Data shown:
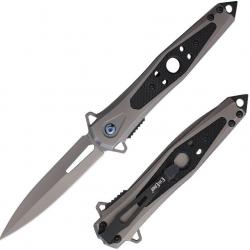 Couteau ElitEdge Tactique Spear Point Lame Acier 420C Manche G10 Gris et Noir Liner Lock EE10A123G10
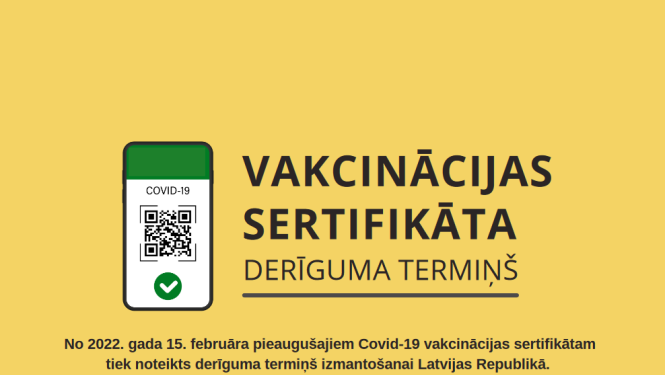 Iedzīvotājus aicina pārbaudīt vakcinācijas sertifikāta derīguma termiņu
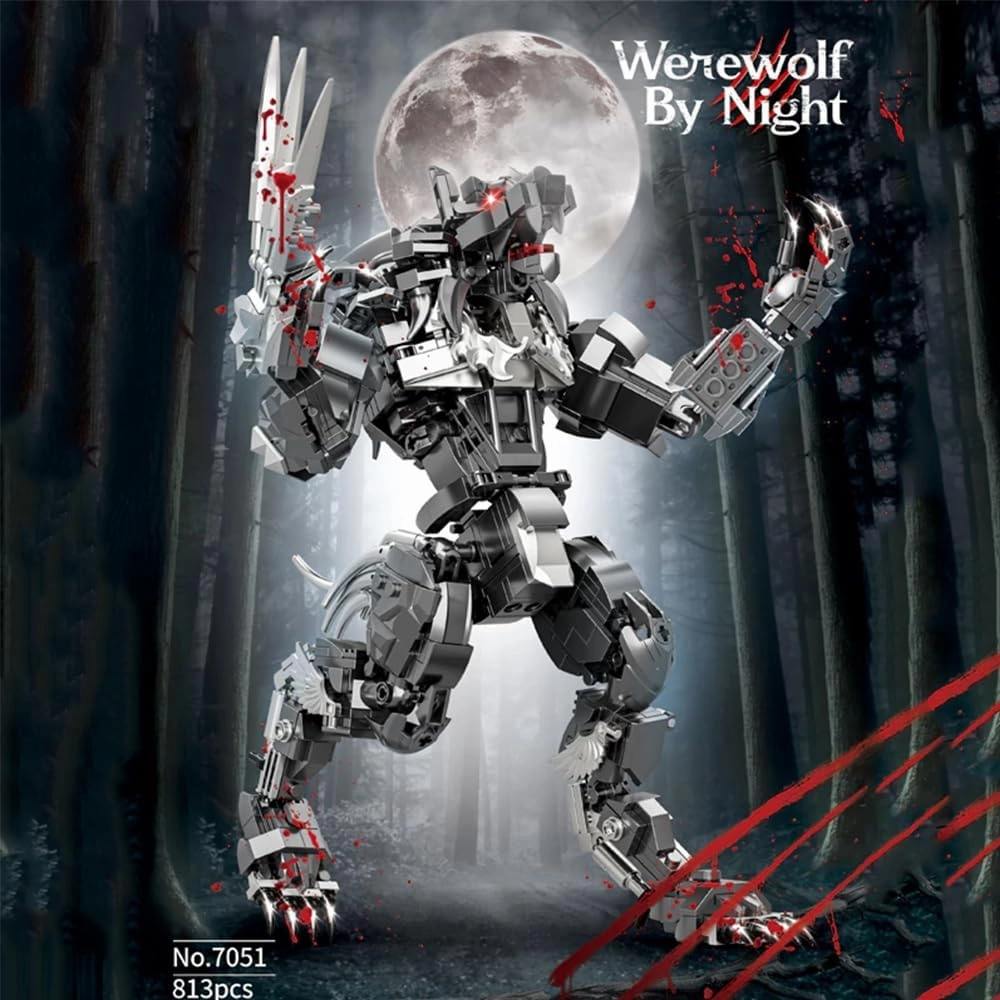 Mechanical Werewolf Building Blocks Set,MOC Werewolf of The Night Model Building Kit -Wolf Display Stand, Gift Idea for Collectors Adults, 813 Pieces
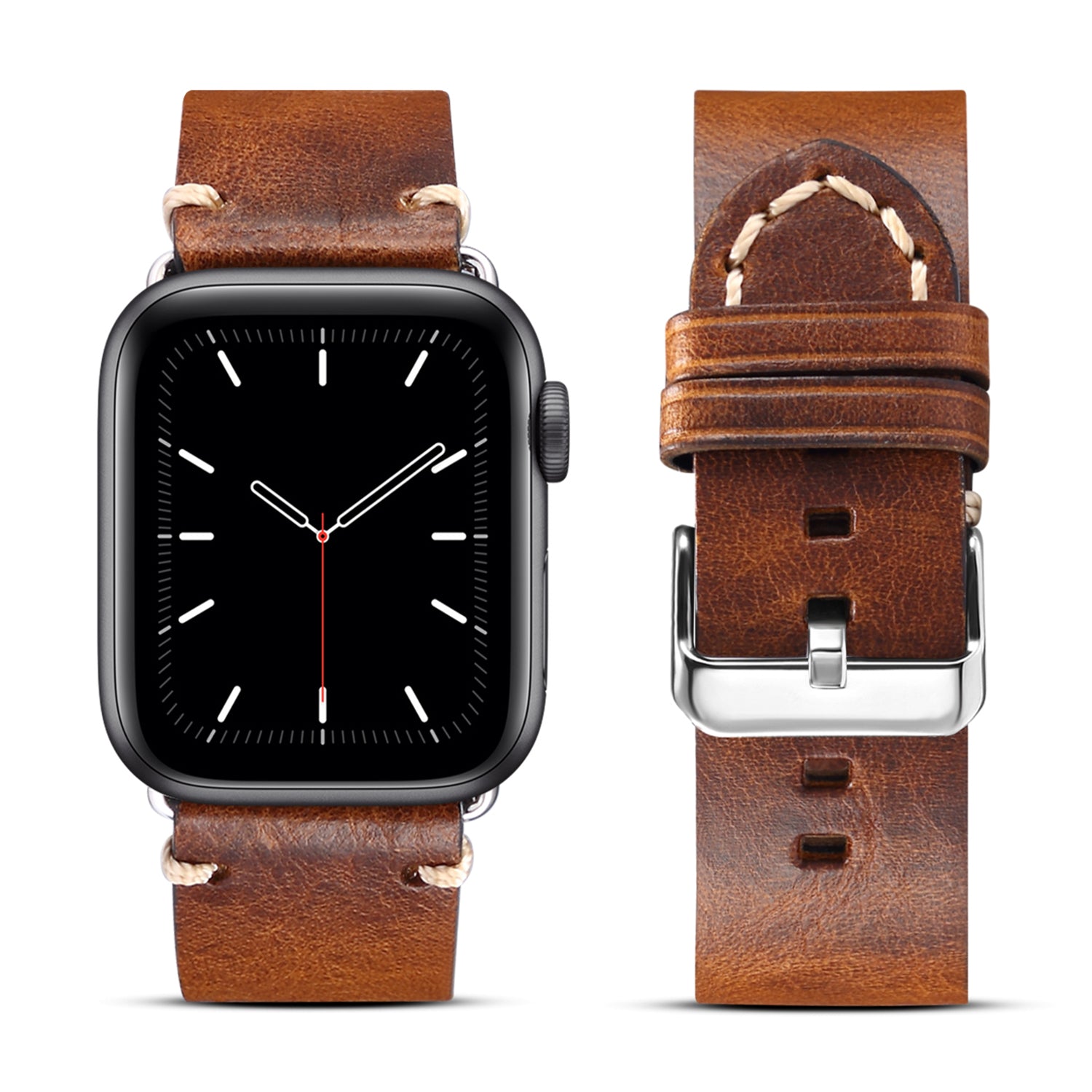 For Apple Watch Series 8 / 7 41mm / Series 6 / 5 / 4 / SE / SE (2022) 40mm / Series 3 / 2 / 1 38mm DOL Cowhide Leather Watch Band Adjustable Pin Buckle Replacement Wrist Strap - Brown - UNIQBUY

Exercise objective:
Would you return the whole listing above exactly as written, skipping any image?

Worked solution:
 Couteau ElitEdge Tactique Spear Point Lame Acier 420C Manche G10 Gris et Noir Liner Lock EE10A123G10
 Iedzīvotājus aicina pārbaudīt vakcinācijas sertifikāta derīguma termiņu
 Mechanical Werewolf Building Blocks Set,MOC Werewolf of The Night Model Building Kit -Wolf Display Stand, Gift Idea for Collectors Adults, 813 Pieces
 For Apple Watch Series 8 / 7 41mm / Series 6 / 5 / 4 / SE / SE (2022) 40mm / Series 3 / 2 / 1 38mm DOL Cowhide Leather Watch Band Adjustable Pin Buckle Replacement Wrist Strap - Brown - UNIQBUY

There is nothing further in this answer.